MrWilliamBeckett: goodnight guys
MrWilliamBeckett: sorry
MrWilliamBeckett: yuo're best new artist in my heart
MrWilliamBeckett: <3

pretty much you can see why i love that dude with everything in me. he sat there and talked to us the whole time, helping andy mock my kanye obsession but psh. when we lost he stuck around, he didn't bail afraid we'd all be in sour moods. i have the best friends.

it goes without saying but the ride back to the hotel was the longest. the noise had died off and the camera flashes stopped. the disappointment sunk in. no one really said anything, and when i did i started to say shit like "we'll never be nominated again, it was a once and a lifetime deal" and i ignored most of the messages i was getting to my sidekick because "you should have won" wasn't meaning what it should have. joe was saying this was pretty much a sign we'd be going downhill all year, and we both came up with valid reasons supporting this theory. it was pretty much depressing.

then i started to read over my thank you list a few times and i realized just cause we didn't take the award home, nothing changed about those people i listed off to thank. they were still there for me, for us. they were just as proud and believed in us just as much. nothing had changed.

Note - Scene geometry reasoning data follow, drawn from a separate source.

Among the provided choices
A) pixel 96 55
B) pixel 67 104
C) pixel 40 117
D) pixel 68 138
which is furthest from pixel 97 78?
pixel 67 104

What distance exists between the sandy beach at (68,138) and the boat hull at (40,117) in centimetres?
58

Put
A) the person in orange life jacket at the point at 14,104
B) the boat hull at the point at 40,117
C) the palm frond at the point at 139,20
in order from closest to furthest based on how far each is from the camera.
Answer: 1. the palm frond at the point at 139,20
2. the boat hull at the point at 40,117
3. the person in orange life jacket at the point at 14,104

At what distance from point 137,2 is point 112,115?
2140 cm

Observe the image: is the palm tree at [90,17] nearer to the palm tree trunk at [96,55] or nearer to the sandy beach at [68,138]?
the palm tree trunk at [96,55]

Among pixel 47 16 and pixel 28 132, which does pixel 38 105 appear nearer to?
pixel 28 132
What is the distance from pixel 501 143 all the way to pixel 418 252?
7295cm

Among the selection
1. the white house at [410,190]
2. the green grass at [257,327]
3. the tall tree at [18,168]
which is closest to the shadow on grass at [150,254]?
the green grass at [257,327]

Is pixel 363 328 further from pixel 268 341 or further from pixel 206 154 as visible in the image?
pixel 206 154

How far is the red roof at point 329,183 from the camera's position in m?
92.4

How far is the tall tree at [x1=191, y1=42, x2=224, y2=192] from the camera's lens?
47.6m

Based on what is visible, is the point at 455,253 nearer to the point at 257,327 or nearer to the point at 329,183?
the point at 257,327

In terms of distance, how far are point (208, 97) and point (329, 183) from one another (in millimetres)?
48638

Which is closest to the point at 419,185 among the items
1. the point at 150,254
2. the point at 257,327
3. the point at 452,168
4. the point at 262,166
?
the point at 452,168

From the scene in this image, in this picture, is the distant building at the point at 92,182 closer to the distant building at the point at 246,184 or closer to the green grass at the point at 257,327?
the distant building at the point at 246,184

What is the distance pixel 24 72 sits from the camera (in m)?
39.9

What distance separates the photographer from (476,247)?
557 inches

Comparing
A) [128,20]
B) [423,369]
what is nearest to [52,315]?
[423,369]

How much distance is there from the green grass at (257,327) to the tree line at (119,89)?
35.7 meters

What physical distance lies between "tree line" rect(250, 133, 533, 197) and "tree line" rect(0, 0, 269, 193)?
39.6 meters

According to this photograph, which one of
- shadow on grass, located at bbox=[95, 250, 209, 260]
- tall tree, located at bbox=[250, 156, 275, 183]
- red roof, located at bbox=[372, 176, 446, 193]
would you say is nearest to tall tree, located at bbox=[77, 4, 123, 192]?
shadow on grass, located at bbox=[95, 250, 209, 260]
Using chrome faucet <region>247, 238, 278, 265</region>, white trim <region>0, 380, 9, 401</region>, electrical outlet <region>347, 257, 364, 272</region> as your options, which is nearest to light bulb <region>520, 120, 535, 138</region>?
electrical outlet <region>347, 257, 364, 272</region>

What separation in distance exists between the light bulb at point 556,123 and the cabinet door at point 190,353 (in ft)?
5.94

i got back to the hotel room and took off my jacket and signed online right away. there were a lot of messages from our fans and friends being supportive and telling us they were still there. it helped out a lot, and i started to feel okay again. it's kinda dumb to get so down over losing an award but anyone would. we're only human, and barely that sometimes. patrick and i stayed up for a while and after i ordered food to be delivered we worked on a song i jokingly suggested we call 'second best new artist 2005' or would it be 2006? i dunno but we won't call it that. working on a song right away was cause we were kinda motivated to prove anyone that said we shouldn't have even been at the grammys or that we weren't "grammy music" wrong. instead of throwing in the towel we used it to smack each other in the ass and giggle and flail our arms about in a fancy hotel. er.. what?

but yeah. i dunno what we'd do without the support we get. so thanks to everyone that was there for me last night. or for joe. or for patrick. or for andy. or for all of us. when we wanted to crawl out of our skin and die you made us feel okay to be in it.